On a souvent vu apparaître, lors de manifestations féministes, des pancartes sur lesquelles le message suivant apparaissait : « Sans Hermione, Harry serait mort au tome 1. » Hermione Granger est intelligente, forte et courageuse. Elle trouve les réponses dans les livres, connaît de nombreux sorts sur le bout des doigts et a déjà sauvé Ron et Harry plus d’une fois. C’est son intelligence qui en fait une femme d’action et la place sur le podium des héroïnes. Hermione est d’ailleurs indiscutablement féministe. Ses traits de personnalité la rapproche de la militante britannique et activiste pour le droit des femmes, Emmeline Pankhurst (1858-1928) ou encore de la socialiste et féministe, Amber Reeves (1887-1981). Tout comme ces suffragettes, elle est persuadée que la libération et le progrès passent par l’éducation. 

Hermione se rapproche également de la pensée kantienne, c’est-à-dire qu’elle « agit comme si la maxime de [son] action devait être érigée par [sa] volonté en loi universelle de la nature »

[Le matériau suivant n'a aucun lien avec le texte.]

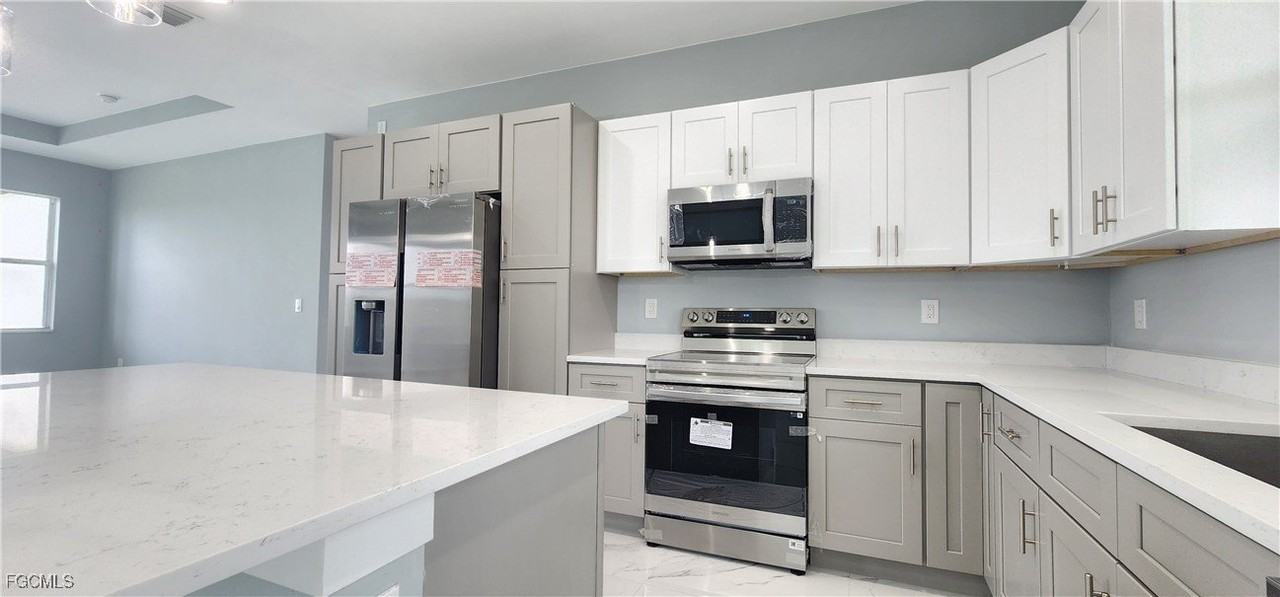 1050 Eisenhower Boulevard - Photo 7 of 16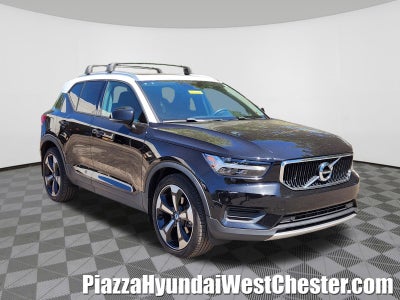 2019 Volvo XC40 Momentum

Harry Potter, ou le passage de l’enfance à l’âge adulte

Pour Sartre, l’existence précède l’essence, c’est-à-dire que l’homme existe d’abord et se définit ensuite, comme il se choisira. Ce qui définit le mieux ce parti pris sartrien est la cérémonie de répartition par le Choixpeau magique, lors de l’entrée à Poudlard. Cette scène est en faveur du libre arbitre, car le Choixpeau tient compte de nos préférences. Dumbledore le rappelle également à Harry dans une de ses répliques : « Ce sont nos choix qui montrent ce que nous sommes vraiment, beaucoup plus que nos aptitudes. » Une pensée très sartrienne, si nous nous définissons comme ce que nous faisons. La saga est d’ailleurs essentiellement basée sur cette pensée. 

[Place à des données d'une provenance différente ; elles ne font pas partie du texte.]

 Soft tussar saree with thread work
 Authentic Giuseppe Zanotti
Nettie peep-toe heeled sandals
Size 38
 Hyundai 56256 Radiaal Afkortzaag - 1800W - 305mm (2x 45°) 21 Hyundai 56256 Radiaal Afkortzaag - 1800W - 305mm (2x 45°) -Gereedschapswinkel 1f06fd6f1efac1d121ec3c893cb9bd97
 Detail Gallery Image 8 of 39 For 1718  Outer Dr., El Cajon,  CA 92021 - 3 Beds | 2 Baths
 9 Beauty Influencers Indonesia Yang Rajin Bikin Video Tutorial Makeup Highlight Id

« L’homme est non seulement tel qu’il se conçoit, mais tel qu’il se veut, et comme il se conçoit après l’existence, comme il se veut après cet élan vers l’existence, l’homme n’est rien d’autre que ce qu’il se fait. »  

Jean-Paul Sartre, L’existentialisme est un humanisme.

Néanmoins, pour voler de ses propres ailes, Harry doit vaincre sa peur de devenir adulte et responsable. « L’homme n’est rien d’autre que ce qu’il se fait » et Harry doit mourir pour passer de l’enfance à l’âge adulte. Le professeur de philosophie, Antoine Rogé, nous l’explique de la façon suivante : « Dès lors, on peut lire toute la saga comme le cheminement par lequel Harry cesse d’être le jeune garçon que l’on guide et protège pour devenir un sujet adulte et responsable. Affronter la mort prend ainsi le sens de mourir à son enfance. Prendre son indépendance, s’émanciper des tutelles, voilà le défi majeur qui s’impose à Harry et dont la lutte contre Voldemort constitue la mise en intrigue. »

Harry Potter a beau être un livre de jeunesse, il n’en reste pas moins parsemé de diverses allusions au monde des Moldus contenant également des sujets sensibles tels que le racisme, la lutte des classes ou encore le totalitarisme. Quoi de plus normal d’en faire un enseignement philosophique qui parlera aux plus jeunes comme aux plus âgés.

Cet article a 2 commentaires

  1. Estelle Corre

    Cet article est très intéressant pour la fan d’Harry Potter que je suis. Vraiment original comme parallèle, j’ai adoré.